Fireworks over the Olympics pyrotechnics erupted when it was learned that part of the elaborate display broadcast to the world in the opening ceremony was faked, done digitally in 3-D computer graphics.

...

Even those at the city’s new Bird’s Nest National Stadium, where the Olympics are being held, viewed the fake footage from their seats as they watched on the stadium’s giant television screens, said Britain’s Sky News, in a story, “Olympic Fireworks Faked for TV.”

...

“Seeing how it worked out, it was still a bit too bright compared to the actual fireworks,” [Gao] Xiaolong[, head of the visual effects team for the ceremony] said in comments that appeared in the Daily Telegraph. “But most of the audience thought it was filmed live — so that was mission accomplished.”
Just when you think that your government ranks among the most deceitful in the world, the Olympics creates a reality check and lets you know what the competition's really like. At least 'mission accomplished' is now used to mean 'I have successfully defrauded a large number of people.' C'mon Team Bush! USA! USA!

3 comments:

nephos said...

Your title is so...apt

It is totally unfair of course, but somehow, where this sort of thing is totally, utterly unthinkable in a Western society, it is reasonable in China. Why?

Beth said...

Perhaps it is intent? In this case aren't they simply trying to create magic? And they are so pleased that they succeeded. It was quite a show! Not sure where the harm is?

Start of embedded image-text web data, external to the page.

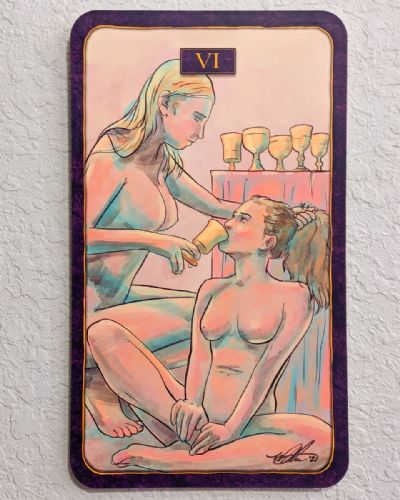 Eros Tarot: The 6 of Cups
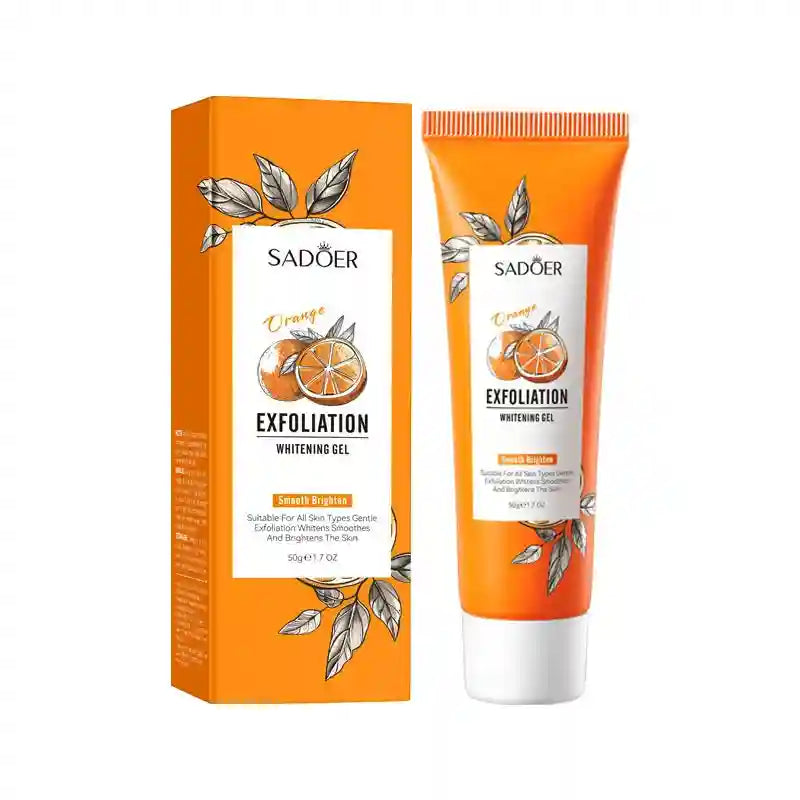 Orange Exfoliating Gel Facial Scrub for Deep Pore and Blackhead Treatment Scrubs Treatments 1PC Tidesmit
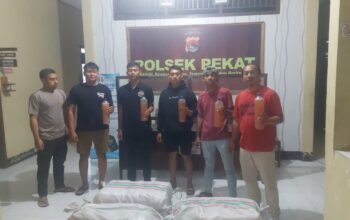 Polsek Pekat Gagalkan Peredaran Miras Lintas Pulau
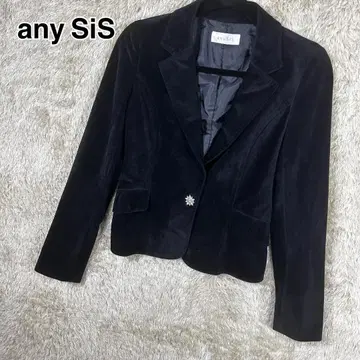 any SiS 벨로아 자켓 블랙 2 사이즈 여성용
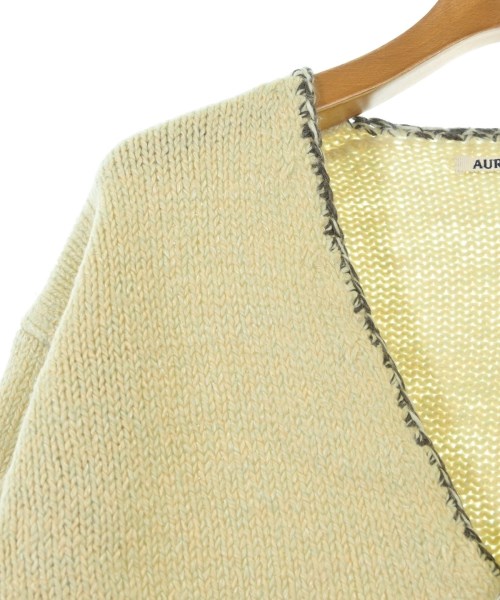 AURALEE（オーラリー）カーディガン ベージュ サイズ:5(L位) メンズ/2200647877098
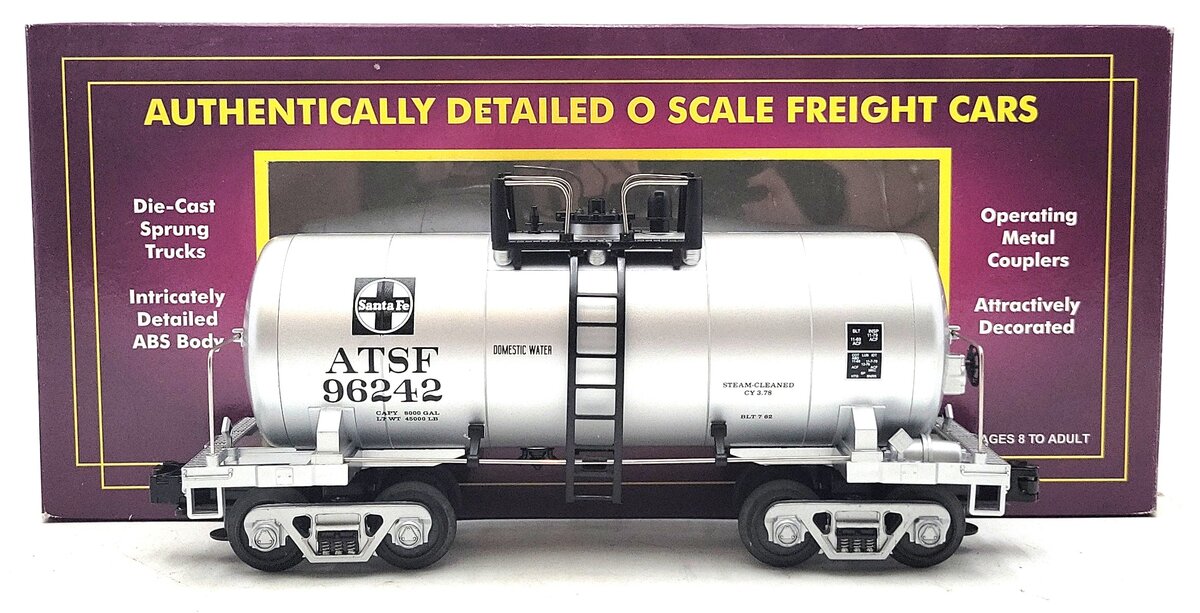 MTH 20-96022 O Gauge Santa Fe 8000 Gallon Tank Car #96242 EX/Box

Rionn Fears Malechem said...

Fireworks is a Chinese art, and if anyone's entitled to digitally enhance them, it's the Chinese.

But no one is.

As an Olympic host country, China was competing for the amount of brouhaha they could create. And fireworks are part of that. They were misrepresenting their digital superpositions as these works of art on which nations compete -- every time I go to Canada, it seems, there's a bunch of other countries there competing with fireworks displays.

Fireworks are a particular thing. We don't allow athletes to be enhanced by drugs or prosthetics, because the isolation of particular things is fundamental to international competition on those things. Red China was essentially thumbing its nose at the concept of unenhanced presentation. It's a bad way to start an Olympics.